Pour l’Agence européenne des frontières Frontex, dont 26 officiers sont déployés dans la région, il est toutefois prématuré de tirer des conclusions. “Nous avons besoin de plus de temps pour savoir si les flux sont réellement en train de se déplacer”, relève une porte-parole, Izabella Cooper.
Nombre des arrivants sont des Kurdes d’Afrine, l’enclave dont les forces turques se sont emparés dans le nord-ouest de la Syrie en mars après des mois de combat.
De la route, M. Kiourtidis et son ami viennent de repérer dans un champ les réfugiés signalés, six adultes et cinq enfants. “Syrie, Syrie”, crie le meneur du groupe.
Les Grecs tendent bouteilles d’eau et biscuits aux enfants. Le meneur tente de se faire comprendre, le groupe veut rallier Thessalonique, la grande métropole du nord de la Grèce.
Mais, surgis d’une camionnette banalisée, deux policiers en civil débarquent, armés.
“Vont-ils nous renvoyer?”, s’inquiète Ayla, 25 ans, qui a fui Boukamal, dans l’est de la Syrie, avec son mari et leur fille de cinq ans.
Le policier les rassure, ils vont être pris en charge. A plusieurs reprises ces derniers mois, des défenseurs des droits de l’homme ont dénoncé des refoulements à cette frontière, une pratique illégale en regard du droit international, à laquelle le gouvernement a démenti recourir.
– Situation d’urgence selon le HCR –
“Qu’Allah soit loué!”, s’exclame Ayla. “Vous devez comprendre, nous avons perdu nos maisons, nos parents, tout”. Ils ont payé 1.000 USD (830 euros) chacun aux passeurs, affirme-t-elle.
Les arrivants doivent en principe être enregistrés dans le centre dédié près de la frontière, avant d’être répartis dans des camps dans le nord du pays. Ceux qui en ont les moyens tentent de se débrouiller seuls pour gagner Thessalonique ou Athènes.
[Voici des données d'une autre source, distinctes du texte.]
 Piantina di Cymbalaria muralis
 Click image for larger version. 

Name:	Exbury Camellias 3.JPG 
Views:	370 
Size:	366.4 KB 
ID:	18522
Mais déjà, les places manquent. Le HCR a appelé la semaine dernière la Grèce à “améliorer d’urgence les conditions de réception et à renforcer les capacités d’accueil” dans la région.
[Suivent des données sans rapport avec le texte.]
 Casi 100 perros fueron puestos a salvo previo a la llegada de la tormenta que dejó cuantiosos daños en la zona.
Dans l’attente, “des centaines de personnes sont actuellement retenues dans des postes de police”, dans des conditions notamment sanitaires inadaptées, s’est ému le HCR.
Pour certains pourtant, cet accueil est un pis aller. Le cas du Somalien Ahmet, 27 ans, croisé avec son épouse et deux proches. “Nous cherchons la police, cela fait deux jours que nous sommes sur la route”, dit-il.